‘A Father-To-Be’ by Saul Bellow

A Father-To-Be by Saul Bellow, 1955

The magic trick:

Reflecting perfectly the uneven, untrustworthy, moody thought patterns of a stressed-out man

Of course we had to get some of Saul Bellow’s Chicago in the mix during Illinois Week on the website.

In this one, we drift brilliantly into our protagonist’s mind as he makes his commute home to his pregnant fiancée. It really is an astounding feat of stream-of-conscious style as we get his thoughts as they drift all over the place.

As I read along, it struck me that this was incredibly accurate, incredibly true to life. But then I was floored anew by the ending. His stream-of-conscious thoughts start to turn toward anger as he thinks about his would-be child, his fiancée, his would-be inlaws. But when he gets home, does that anger express itself? Does he scream and yell and take action?

No.

The gentleness of the moment immediately outweighs the emotions of the imagination, and all is well.

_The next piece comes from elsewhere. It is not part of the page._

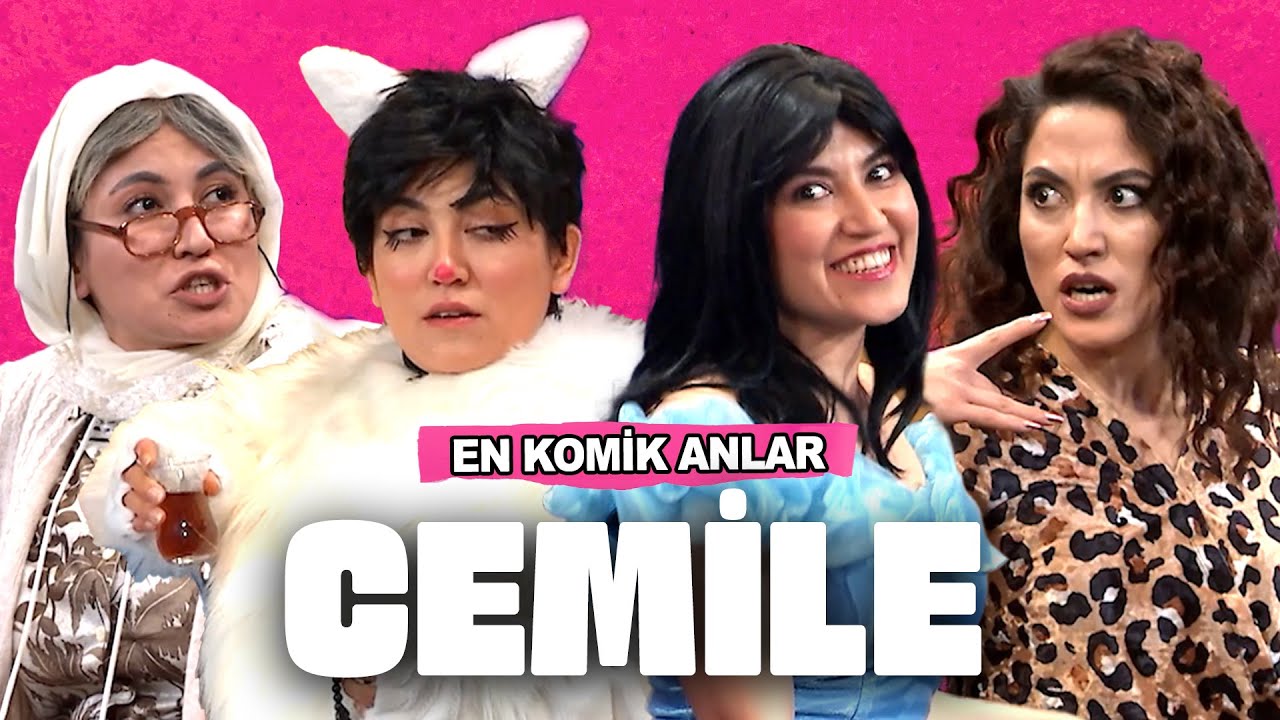Cemile'nin En Komik Anları 😂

Amazing piece of fiction, really.

And that’s quite a trick on Bellow’s part.

The selection:

Rogin’s illuminated mind asked of itself while the human tides of the subway swayed back and forth, and cars linked and transparent like fish bladders raced under the streets: How come he thought nobody would know what everybody couldn’t help knowing? And, as a chemist, he asked himself what kind of compound this new Danish drug might be, and started thinking about various inventions of his own, synthetic albumen, a cigarette that lit itself, a cheaper motor fuel. Ye gods, but he needed money! As never before. What was to be done? His mother was growing more and more difficult. On Friday night, she had neglected to cut up his meat for him, and he was hurt. She had sat at the table motionless, with her long-suffering face, severe, and let him cut his own meat, a thing she almost never did. She had always spoiled him and made his brother envy him. But what she expected now! Oh, Lord, how he had to pay, and it had never even occurred to him formerly that these things might have a price.